24 October – 13 November 1962. There was a lull in fighting. That is, the fighting that began on 20 October 1962 lasted mere 4 days. During the lull period, Indian forces were strengthened on the borders and a new strategy was put in place. India felt that what had happened during 20 to 23 October 1962 was a temporary setback, and that they would teach a fitting lesson to China on the next occasion. Nehru and his group actually believed that the advantage in NEFA lay with the Indian army and that it could give a befitting response to China. A general optimism was created that the worst was over, and henceforth it would be win-win for India! There was an appalling lack of self-assessment and realism both within the government and without.
This is how General LP Sen, heading the Eastern Command, had boasted to the Political Officer, Nari Rustomji, during the lull between the two phases of the war: “We’ve got those bastards where we want them now. Just let them move one step forward, and they’ll get such a thrashing they’ll never forget. Our boys are now in positions where they can fight and show what they’re worth. They’re just itching for a chance to have a real good crack at the Chinks.”
14 November 1962. BM Kaul—the favourite of Nehru and Menon—under whom the debacle of 20-23 October had occurred, and who had since taken ill and recovered, was back—to the dismay of most in the army: they suspected his return would make things worse. India launched an offensive at the Walong sector in NEFA. Was the date chosen by the sycophant Kaul to give Nehru the win as a gift—14th November being his birthday? The consequence, however, was disastrous. China counter-attacked and overran the India forward positions the next day. Chinese kept pushing and moving from two directions from Tawang, with withdrawing Indian troops leaving behind artillery, vehicles and tanks.
19 November 1962. Indian army had specially formed 4 Corps to drive the Chinese away from NEFA. 4 Corps under BM Kaul stood decimated and shifted its headquarters from Tezpur to Gauhati on 19 November 1962. The reverses so demoralised BM Kaul that he advised Army HQ to advise Delhi to get foreign armed forces to help stem the tide of the superior Chinese forces, adding it was not a counsel of fear, but of facing stark realities.
20 November 1962. Whole of NEFA was under the Chinese control, and they were at the gates of Assam. All this within mere 7 days of the renewed fighting on 14 November 1962.
President Dr Radhakrishnan was so aghast that when someone told him of a rumour that General BM Kaul had been taken prisoner by the Chinese, he commented, “It is, unfortunately, untrue.”
The Indian show in the war was so poor, thanks to collapse of command and control at the higher level, lack of preparation and neglect on the military and armament matters, that India became a laughing stock. There was a joke circulating among the aid-givers: “Don't provide India precious arms.

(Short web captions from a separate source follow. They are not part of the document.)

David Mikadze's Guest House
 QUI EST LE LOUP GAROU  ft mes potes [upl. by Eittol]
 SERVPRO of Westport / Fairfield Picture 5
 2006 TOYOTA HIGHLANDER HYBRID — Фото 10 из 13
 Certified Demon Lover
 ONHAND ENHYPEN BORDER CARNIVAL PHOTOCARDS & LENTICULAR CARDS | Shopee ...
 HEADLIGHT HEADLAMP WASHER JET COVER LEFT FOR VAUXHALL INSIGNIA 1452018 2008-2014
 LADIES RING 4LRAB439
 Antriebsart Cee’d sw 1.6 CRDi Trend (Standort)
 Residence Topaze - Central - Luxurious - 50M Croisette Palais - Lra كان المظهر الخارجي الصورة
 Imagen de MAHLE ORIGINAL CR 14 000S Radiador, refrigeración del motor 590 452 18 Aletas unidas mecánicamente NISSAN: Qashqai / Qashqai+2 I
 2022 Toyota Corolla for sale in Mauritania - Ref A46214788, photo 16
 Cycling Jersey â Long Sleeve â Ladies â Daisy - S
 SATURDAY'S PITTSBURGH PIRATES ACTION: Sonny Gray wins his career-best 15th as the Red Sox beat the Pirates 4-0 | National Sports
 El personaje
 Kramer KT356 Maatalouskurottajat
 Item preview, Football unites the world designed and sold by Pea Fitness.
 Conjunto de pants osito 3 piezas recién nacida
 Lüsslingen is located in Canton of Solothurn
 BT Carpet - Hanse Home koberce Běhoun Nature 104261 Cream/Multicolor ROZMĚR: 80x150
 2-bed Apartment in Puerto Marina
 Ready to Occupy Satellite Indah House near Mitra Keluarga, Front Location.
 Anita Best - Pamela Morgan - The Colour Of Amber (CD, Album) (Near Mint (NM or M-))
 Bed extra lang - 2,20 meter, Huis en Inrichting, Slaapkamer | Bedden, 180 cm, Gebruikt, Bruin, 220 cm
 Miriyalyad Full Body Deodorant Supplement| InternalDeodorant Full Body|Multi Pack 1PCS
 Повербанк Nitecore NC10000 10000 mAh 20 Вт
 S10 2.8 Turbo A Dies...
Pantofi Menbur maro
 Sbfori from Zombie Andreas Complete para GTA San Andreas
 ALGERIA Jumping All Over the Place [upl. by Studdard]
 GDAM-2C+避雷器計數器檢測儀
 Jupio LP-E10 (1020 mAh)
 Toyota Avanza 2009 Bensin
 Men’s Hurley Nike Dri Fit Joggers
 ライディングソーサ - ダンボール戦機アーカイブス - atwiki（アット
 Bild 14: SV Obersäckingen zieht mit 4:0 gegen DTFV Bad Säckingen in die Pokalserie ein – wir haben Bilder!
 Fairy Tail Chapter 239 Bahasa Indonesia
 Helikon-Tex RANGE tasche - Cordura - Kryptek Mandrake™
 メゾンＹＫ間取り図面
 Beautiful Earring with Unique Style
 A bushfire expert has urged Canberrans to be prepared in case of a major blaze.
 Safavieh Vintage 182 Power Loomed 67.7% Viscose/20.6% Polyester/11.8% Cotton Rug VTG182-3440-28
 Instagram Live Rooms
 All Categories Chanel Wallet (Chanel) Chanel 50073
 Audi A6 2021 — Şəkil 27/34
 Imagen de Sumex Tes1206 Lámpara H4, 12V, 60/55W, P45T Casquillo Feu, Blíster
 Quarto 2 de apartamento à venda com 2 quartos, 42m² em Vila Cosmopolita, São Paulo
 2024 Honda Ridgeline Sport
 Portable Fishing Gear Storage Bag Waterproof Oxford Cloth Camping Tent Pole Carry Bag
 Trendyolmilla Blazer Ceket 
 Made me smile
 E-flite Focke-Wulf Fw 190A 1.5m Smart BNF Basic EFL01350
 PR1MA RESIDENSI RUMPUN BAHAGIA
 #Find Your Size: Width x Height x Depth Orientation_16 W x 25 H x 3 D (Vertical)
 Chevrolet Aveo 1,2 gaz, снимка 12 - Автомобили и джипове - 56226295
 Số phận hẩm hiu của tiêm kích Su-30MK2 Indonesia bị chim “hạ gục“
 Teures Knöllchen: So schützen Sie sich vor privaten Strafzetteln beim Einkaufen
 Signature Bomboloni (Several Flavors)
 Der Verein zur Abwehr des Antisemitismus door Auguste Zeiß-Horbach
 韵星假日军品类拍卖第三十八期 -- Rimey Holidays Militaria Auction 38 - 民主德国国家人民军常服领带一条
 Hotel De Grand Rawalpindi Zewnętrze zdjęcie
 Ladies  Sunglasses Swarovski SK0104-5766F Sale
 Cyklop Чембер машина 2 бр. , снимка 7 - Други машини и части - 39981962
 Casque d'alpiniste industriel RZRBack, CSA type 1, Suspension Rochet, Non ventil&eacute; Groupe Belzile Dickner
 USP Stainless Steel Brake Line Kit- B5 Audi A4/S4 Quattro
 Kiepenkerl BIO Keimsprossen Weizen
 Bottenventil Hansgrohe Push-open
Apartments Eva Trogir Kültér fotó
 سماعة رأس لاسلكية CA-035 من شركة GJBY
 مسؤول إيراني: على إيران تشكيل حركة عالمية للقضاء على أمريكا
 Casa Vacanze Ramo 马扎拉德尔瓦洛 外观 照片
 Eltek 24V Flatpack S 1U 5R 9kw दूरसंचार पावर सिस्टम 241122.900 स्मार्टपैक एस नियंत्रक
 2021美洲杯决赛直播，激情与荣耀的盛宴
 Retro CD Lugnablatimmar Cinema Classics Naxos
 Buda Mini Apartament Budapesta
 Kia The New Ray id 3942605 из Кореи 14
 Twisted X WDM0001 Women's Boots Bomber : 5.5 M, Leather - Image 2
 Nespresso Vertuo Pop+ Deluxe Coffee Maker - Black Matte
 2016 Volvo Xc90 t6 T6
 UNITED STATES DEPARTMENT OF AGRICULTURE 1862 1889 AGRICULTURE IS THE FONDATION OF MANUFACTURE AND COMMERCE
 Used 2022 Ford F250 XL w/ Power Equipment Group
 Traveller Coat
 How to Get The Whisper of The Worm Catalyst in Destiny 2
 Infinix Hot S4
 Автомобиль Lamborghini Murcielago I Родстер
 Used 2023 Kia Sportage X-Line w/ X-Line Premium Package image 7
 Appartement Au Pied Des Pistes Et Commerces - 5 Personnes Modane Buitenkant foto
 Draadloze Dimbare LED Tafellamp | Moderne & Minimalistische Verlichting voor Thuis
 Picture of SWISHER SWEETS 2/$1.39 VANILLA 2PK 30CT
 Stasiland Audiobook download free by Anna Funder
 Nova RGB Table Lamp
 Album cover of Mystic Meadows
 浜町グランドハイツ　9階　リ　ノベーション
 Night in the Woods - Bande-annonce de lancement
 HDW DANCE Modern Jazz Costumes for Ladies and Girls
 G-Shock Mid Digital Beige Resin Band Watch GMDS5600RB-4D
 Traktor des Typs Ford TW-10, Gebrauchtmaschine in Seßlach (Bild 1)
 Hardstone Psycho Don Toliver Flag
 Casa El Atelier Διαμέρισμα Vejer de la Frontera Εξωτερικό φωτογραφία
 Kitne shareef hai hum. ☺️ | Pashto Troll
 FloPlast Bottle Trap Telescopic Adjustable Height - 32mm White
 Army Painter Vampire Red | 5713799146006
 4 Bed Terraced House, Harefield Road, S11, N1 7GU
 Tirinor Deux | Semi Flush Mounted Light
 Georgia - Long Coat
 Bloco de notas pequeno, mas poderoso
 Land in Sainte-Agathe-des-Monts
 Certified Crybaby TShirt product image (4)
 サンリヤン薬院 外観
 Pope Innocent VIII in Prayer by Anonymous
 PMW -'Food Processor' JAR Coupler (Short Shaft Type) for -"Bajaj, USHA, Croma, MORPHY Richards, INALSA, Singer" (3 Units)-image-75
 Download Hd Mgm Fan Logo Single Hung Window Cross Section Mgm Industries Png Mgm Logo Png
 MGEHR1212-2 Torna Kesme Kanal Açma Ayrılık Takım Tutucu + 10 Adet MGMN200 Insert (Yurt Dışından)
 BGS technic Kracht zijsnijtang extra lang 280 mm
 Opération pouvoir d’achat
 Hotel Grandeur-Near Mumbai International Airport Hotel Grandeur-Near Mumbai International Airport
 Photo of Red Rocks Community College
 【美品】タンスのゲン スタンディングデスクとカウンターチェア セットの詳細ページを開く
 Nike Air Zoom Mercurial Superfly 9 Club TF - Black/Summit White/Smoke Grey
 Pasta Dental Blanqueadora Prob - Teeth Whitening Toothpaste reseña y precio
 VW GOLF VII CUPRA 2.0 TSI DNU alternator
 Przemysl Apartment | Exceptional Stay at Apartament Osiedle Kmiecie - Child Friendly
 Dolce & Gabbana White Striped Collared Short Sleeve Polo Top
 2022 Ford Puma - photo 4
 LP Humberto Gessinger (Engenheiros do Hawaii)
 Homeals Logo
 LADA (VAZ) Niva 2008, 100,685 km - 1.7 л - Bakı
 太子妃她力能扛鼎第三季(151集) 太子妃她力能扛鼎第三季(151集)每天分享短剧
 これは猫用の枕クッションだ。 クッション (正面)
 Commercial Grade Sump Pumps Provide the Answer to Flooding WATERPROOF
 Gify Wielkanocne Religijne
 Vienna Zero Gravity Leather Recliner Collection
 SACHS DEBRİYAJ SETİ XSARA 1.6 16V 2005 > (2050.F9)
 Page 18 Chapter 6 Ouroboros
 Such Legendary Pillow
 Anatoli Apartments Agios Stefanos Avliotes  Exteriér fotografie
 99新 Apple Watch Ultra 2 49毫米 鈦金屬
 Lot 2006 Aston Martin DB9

Their soldiers would abandon them in the battle field and run away, and China would ultimately get all our arms!” This is how our soldiers, who fought bravely, got humiliated, for no fault of theirs!!
In the face of reverses, rather than rising up, Churchill-like, to boost the morale of the armed forces and the people, the leaders simply lost their nerves. Nehru even went on radio to announce his sympathy for the people of Assam, indicating as if India had given up on that frontier!